If you relapsed today, please forgive yourself.

The road to recovery is never a straight line. There are twists and turns, it has an ebb and flow much like tide of the ocean. There will be overwhelming days, but you will make it through them one way or another. Remember the progress you’ve made, and keep cresting that hill tomorrow. 

It’s okay if you took a break today.

It’s okay if you didn’t finish the dishes, or you haven’t done your laundry, or you didn’t clean the bathroom. You can’t be productive 100% of the time. You need to take care of yourself, you need to pace yourself and rest when needed so you don’t hurt and exhaust yourself. You’re a valuable and lovely person, and it is not only okay, but necessary for you to take breaks with you need to. Take care of your body, because your body and the person it houses are invaluable.

College Chronicles

Stickers on a chart seems like a juvenile system, but it is a good way of measuring progress, if only for a clear visual model. It’s a big, colorful way to let me know that I went another day where I remembered to take all of my meds and kept my apartment clean to a basic level. =v= If you want, you can make it a source of fulfillment, too. For no reason other than you begin to arbitrarily assign value to things you have to earn, I decided I earn a small sticker for every time I do one of the following: finish a project; unload the dishwasher, fold the laundry AND put it away, shower, some other chore that can be hard without adequate spoons or just in general because life is hard especially when you’re ill. My calendar is full of silly stickers and it helps me clearly see which day of the month I’m on, as well as have visual reassurance that I’m making it through each day, even though there’s a lot to do.

College Chronicles

I started to feel bad for deciding to take the rest of the night off instead of studying. Though why should I? I just submitted the Calculus homework for this week ((due tonight at midnight)), I finished my projected for Words, Voice Movement yesterday ((it’s due tomorrow)), and my last class of the week IS Words, Voice, Movement tomorrow, which ((like I said)) I already did the project for. I’ve done my work for the week, and I have three days of weekend to study my Calculus exam, clean the apartment, and relax. It’s more than enough time. 

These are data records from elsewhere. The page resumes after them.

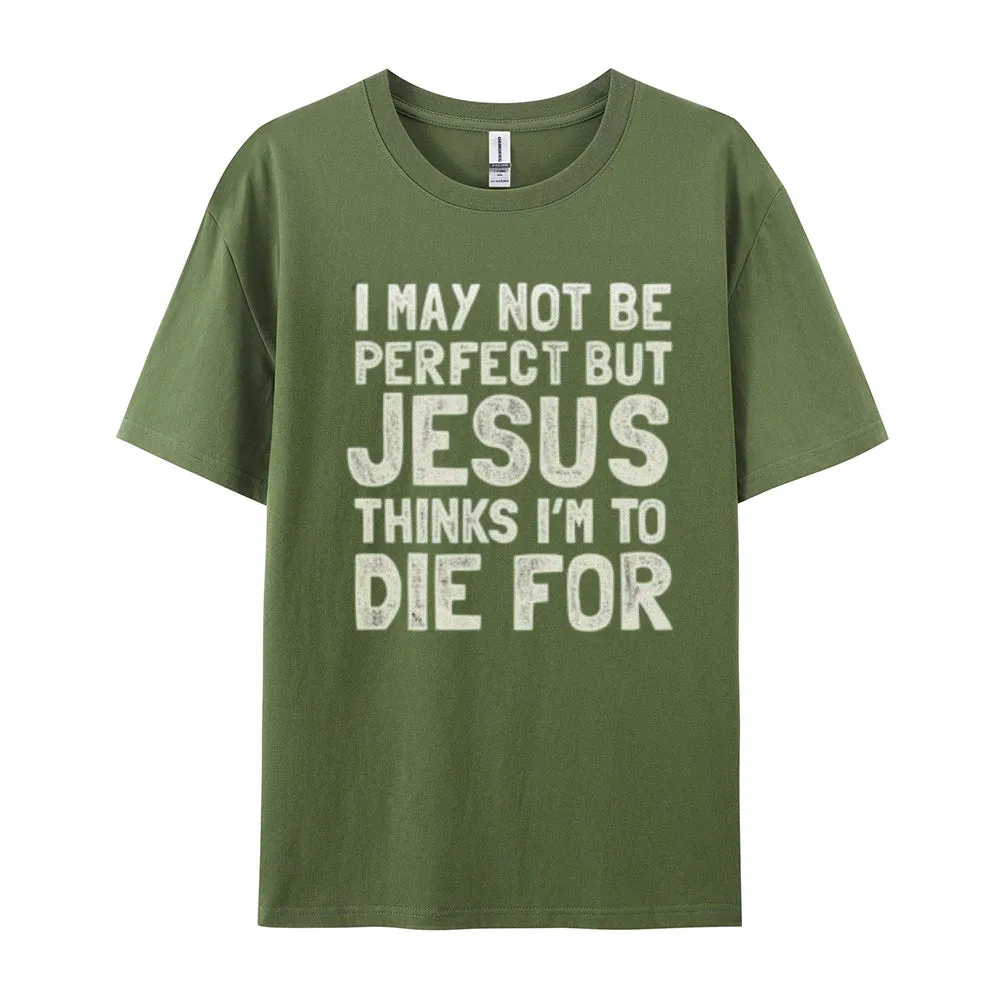 Women Jesus Letter Print Graphic T-shirt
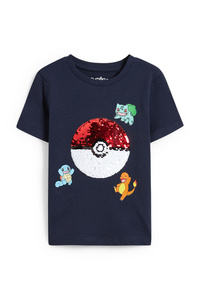 C&A Pokémon-Kurzarmshirt-Glanz-Effekt, Blau, Größe: 110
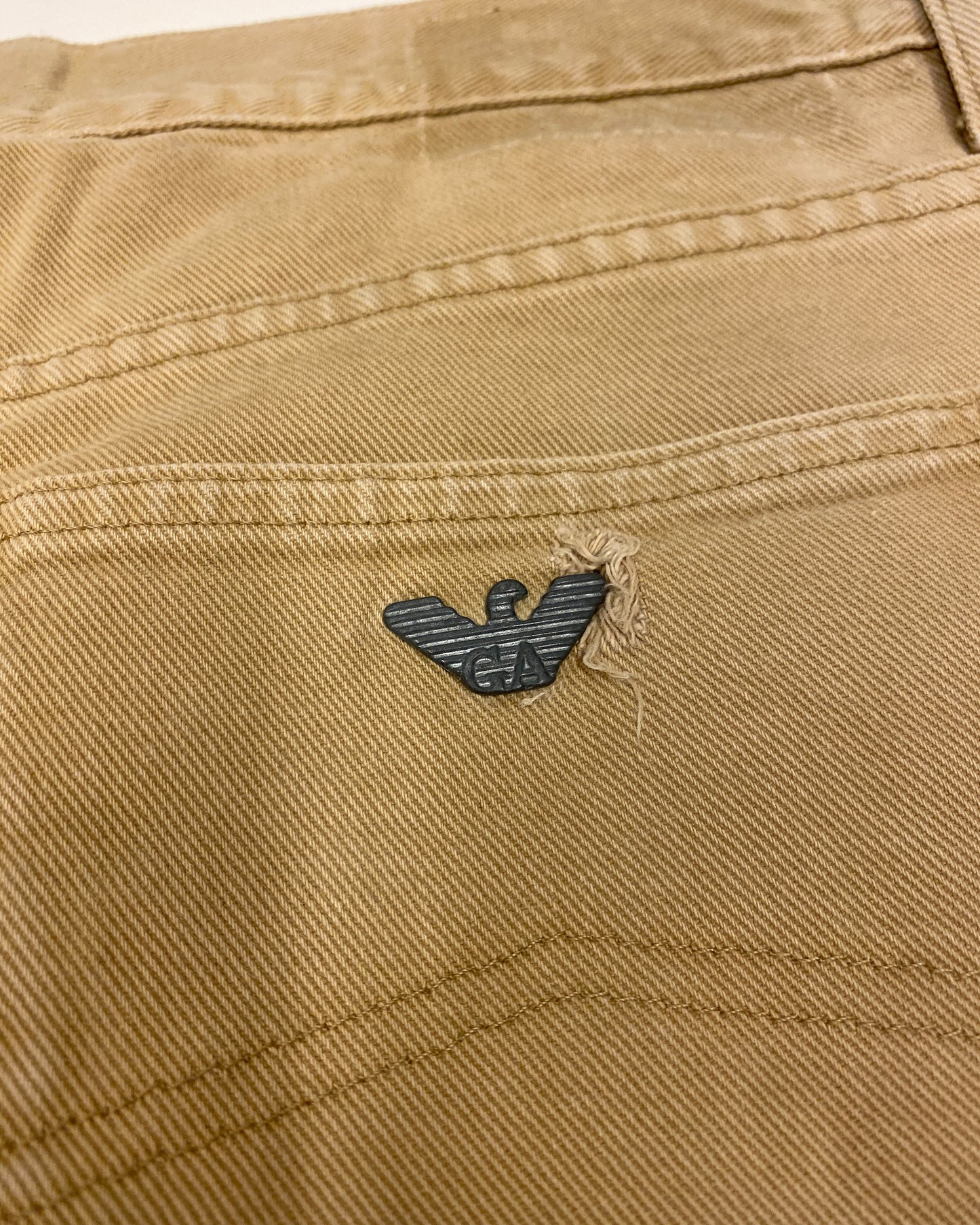 Armani Jeans 1990s Classic Denim Beige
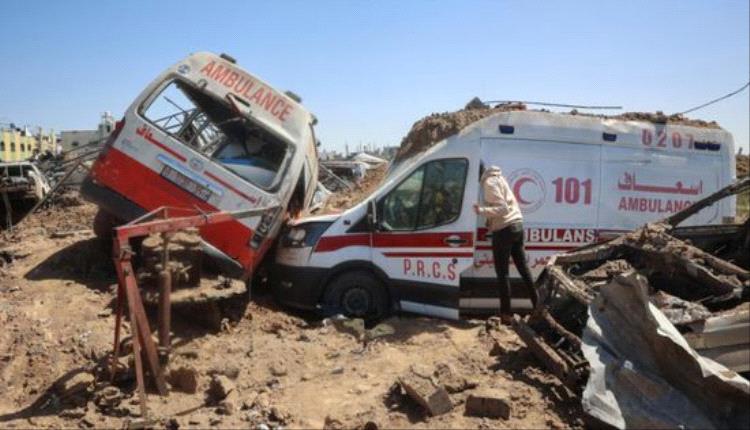 غارة إسرائيلية تستهدف مسعفين وأطفالًا في غزة: مجزرة جديدة أمام مستشفى حمد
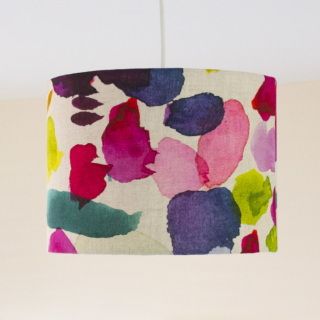 DIY Abstract Lampshade — joyride Painting lamp shades, Diy lamp shade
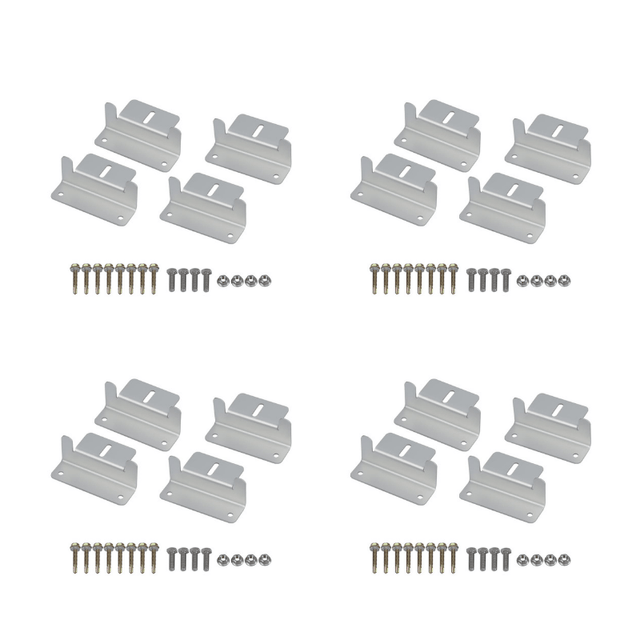 Z-Bracket Sets for Mounting Solar Panels (Choose # of Panels) | 4 x Brackets Per Solar Panel [One Per Corner] | High-Quality Anodized Aluminum - ShopSolar.com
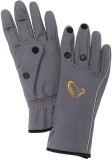 Rukavice Savage Gear Softshell Glove Sive Veličina M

I shouldn’t feel bad for not pushing myself harder than I need to go. Today I had a sleep attack in Calculus and apparently I was out for fifteen minutes- I’ve been astoundingly productive lately and it’s wonderful, but I need to learn a balance. So I’m going to rest this evening because I got a lengthy Calculus assignment and a tedious research project done with plenty of time to spare before their deadlines. I shouldn’t feel bad for not pushing myself harder than I need to go.